SONRIE
Risa incómoda. Así conocí a Jane. Parece mentira que un gesto tan simple pueda crear una relación tan compleja. Se levanta de la tercera silla empezando por la derecha de la fila delantera a la mía, se sienta a mi lado y empezamos a hablar durante un largo tiempo, hasta que nos vemos brevemente interrumpidos por el director general de la Astrogenesis-69, que, haciendo su rotundo y clásico saludo militar, me da la bienvenida a la misión más importante de la humanidad sin tener que pasar por una sola entrevista, para mi alivio y el de mi vergüenza bloqueante. Jane me mira, y yo a ella y… Alden chasquea sus jóvenes dedos frente a mi rostro. Vaya, visto está que de nuevo he caído en un bloqueo mental. Pienso: ¿Tanto se me nota cuando imagino mi vida perfecta?
He imaginado esta escena de mil formas distintas en unas décimas de segundo. Bien, de hecho, una relación compleja no ha sido. Nos conocemos desde hace apenas dos minutos, pero estoy convencido de que sí lo será.

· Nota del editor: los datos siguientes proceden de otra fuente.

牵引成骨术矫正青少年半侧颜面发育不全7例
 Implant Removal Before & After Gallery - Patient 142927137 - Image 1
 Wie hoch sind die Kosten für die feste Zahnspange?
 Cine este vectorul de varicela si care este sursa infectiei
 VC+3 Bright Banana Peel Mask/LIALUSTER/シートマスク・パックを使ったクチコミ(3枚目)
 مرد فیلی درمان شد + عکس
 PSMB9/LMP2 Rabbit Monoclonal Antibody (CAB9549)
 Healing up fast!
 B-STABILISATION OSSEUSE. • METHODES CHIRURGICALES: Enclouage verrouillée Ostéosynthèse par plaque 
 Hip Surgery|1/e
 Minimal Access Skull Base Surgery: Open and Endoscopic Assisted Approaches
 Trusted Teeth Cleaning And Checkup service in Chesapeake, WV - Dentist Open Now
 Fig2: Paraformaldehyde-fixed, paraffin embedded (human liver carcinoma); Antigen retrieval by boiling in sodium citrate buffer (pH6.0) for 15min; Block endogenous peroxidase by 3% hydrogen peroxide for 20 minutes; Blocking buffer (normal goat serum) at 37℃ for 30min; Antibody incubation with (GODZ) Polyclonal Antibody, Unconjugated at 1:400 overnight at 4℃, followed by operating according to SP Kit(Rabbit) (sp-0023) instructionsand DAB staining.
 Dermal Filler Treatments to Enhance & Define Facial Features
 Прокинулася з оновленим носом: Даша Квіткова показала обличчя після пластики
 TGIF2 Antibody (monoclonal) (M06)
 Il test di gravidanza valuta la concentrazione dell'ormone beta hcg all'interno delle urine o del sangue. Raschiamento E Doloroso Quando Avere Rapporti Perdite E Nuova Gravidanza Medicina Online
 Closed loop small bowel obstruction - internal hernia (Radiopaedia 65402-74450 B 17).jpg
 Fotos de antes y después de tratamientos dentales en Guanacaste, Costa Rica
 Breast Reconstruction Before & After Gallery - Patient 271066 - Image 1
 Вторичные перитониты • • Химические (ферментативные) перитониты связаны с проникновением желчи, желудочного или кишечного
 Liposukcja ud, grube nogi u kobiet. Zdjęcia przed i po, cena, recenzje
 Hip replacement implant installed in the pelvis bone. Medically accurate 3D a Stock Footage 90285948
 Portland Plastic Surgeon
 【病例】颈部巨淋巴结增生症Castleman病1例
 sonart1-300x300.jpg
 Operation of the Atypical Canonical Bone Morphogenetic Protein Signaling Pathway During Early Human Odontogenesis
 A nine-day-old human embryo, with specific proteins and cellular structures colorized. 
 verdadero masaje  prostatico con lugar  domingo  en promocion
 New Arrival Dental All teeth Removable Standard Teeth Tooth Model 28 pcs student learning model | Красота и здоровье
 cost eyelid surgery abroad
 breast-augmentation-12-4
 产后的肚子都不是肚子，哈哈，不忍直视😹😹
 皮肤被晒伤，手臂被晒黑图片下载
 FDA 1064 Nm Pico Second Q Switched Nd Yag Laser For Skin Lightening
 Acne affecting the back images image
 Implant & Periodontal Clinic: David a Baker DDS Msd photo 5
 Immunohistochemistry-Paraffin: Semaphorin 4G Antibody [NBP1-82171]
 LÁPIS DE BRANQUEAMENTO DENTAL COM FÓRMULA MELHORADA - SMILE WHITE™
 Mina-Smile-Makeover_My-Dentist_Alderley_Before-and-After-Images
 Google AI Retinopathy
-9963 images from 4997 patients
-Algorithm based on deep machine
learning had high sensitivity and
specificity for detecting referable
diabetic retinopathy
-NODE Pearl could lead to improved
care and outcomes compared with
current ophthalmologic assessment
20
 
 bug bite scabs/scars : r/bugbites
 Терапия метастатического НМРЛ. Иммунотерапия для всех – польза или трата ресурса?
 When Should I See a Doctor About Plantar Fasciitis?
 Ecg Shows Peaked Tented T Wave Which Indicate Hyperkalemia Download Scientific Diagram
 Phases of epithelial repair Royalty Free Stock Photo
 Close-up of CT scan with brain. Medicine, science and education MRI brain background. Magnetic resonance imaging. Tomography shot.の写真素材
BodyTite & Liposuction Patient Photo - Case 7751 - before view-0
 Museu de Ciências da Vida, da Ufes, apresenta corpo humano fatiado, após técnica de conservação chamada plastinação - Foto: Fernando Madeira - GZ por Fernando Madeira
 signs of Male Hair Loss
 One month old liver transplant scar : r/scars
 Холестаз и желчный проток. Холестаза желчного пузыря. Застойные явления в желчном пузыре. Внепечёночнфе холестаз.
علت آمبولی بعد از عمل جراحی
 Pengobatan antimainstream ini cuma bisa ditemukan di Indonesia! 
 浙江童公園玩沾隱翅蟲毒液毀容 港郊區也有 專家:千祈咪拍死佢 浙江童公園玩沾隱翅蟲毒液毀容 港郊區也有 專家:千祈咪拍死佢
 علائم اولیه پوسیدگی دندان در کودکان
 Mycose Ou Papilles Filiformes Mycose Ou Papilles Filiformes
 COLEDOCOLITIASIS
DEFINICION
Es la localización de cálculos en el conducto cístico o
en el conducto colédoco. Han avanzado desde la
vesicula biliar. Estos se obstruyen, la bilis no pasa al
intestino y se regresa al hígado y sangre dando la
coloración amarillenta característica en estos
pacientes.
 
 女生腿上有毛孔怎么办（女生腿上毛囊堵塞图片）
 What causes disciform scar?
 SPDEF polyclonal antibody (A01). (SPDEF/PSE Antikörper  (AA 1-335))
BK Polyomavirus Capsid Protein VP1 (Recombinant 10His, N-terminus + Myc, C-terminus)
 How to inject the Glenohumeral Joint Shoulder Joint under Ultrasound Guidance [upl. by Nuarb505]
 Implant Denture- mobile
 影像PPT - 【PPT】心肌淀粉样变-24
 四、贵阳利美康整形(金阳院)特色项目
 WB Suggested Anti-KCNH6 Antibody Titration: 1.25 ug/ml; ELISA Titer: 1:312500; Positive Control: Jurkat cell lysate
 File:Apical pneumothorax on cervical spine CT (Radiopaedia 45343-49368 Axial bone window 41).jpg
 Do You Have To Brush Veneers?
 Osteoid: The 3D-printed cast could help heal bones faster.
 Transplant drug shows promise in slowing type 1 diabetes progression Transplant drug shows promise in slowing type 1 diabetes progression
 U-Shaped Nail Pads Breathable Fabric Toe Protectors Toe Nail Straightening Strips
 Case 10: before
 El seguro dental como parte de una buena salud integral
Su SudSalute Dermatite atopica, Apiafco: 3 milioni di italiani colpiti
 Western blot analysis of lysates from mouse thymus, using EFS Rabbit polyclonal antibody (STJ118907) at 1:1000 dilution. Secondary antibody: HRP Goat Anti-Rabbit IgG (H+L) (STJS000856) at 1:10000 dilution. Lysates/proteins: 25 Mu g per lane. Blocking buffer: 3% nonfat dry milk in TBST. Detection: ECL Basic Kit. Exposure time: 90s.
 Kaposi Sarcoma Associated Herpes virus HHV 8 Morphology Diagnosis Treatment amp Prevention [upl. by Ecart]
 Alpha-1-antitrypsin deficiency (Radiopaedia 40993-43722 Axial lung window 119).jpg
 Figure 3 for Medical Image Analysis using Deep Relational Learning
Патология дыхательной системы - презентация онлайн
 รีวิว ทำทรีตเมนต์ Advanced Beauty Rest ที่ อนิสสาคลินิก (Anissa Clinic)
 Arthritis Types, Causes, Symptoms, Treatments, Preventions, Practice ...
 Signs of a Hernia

De hecho, relación tampoco. Le he sonreído a unos tres metros de distancia y creo que me ha visto y me ha devuelto la sonrisa. He sido bastante estúpido cuando he fijado la vista, avergonzado, a la puerta con el dorado rótulo escrito “Despacho directivo”, sin que nadie saliera de ella. No había muchas cosas que mirar en aquella sala. Todo era blanco: las sillas, el pulido suelo, las paredes, el marco de la puerta… La puerta no. Es negra, creo que para darle importancia o algún derivado. Sé su nombre por la placa brillante que porta en su chaqueta elegante verde militar. No estamos solos, ya que Alden se encuentra a mi lado. Alden es el típico amigo que me mira fijamente cuando sabe que me incomoda. Sí, parece extraño, pero lo estaba haciendo, directamente, sin rodeos. Sabía lo de Jane seguro. Ella se retoca su pelo castaño brillante como si de un concurso de incomodidad se tratara. Para mí claro, ya rojo como el mismo sol.
Para mi fortuna, se abre por fin la puerta (esta vez de verdad) del director general, del que en vez de salir él, sale uno de sus principales ejecutivos: James Mullet. Un hombre de negocios multimillonario que se casa por quinta vez en febrero. Este no nos presta atención. Obviamente, su tiempo vale más oro del que podríamos pagar para que nos mirase. Aun así, tensiona el ambiente con su paso firme de tacón (llevaba zapatos de suela de cuero) hasta tal punto en que a Alden le da un inoportuno ataque de carrasposa tos seca. De aquellos que parecen que no tendrán fin. Sin embargo, milagrosamente, este se corta de forma abrupta con una llamada poco enérgica proveniente del despacho. La puerta se había quedado abierta y Jane se había fijado inconscientemente en el interior de la sala, retrocediendo repentinamente tras sus erróneos pasos, supongo tras ver que el “jefe” había descubierto su espionaje momentáneo.
Liam Peterson. Ese es mi nombre. Tiene muchas variaciones y formalizaciones. En este caso me había nombrado por el carnet de identidad, pero soy cómodamente llamado Li (como me llama Alden) e incómodamente William (en la cena de Navidad). Un tranquilizador sentido en el hombro, indicando el apoyo de mi mejor amigo. Tres inspiraciones profundas. Cuatro espiraciones cortas y un torpe alzamiento de la silla con que no me caigo yo, sino parte de mi ser. Voy dejando huellas fangosas alteradamente exageradas por el blanco y ya no pulido suelo, hasta la misma entrada del futuro de mi vida. Cierro la puerta firmemente y esta resuena demasiado entre aquellas nítidas paredes durante varios segundos. Mi intención no era dar un portazo, pero la ventana abierta del lugar con intención de refrescar el ambiente veraniego tenía otros planes para mi primera impresión.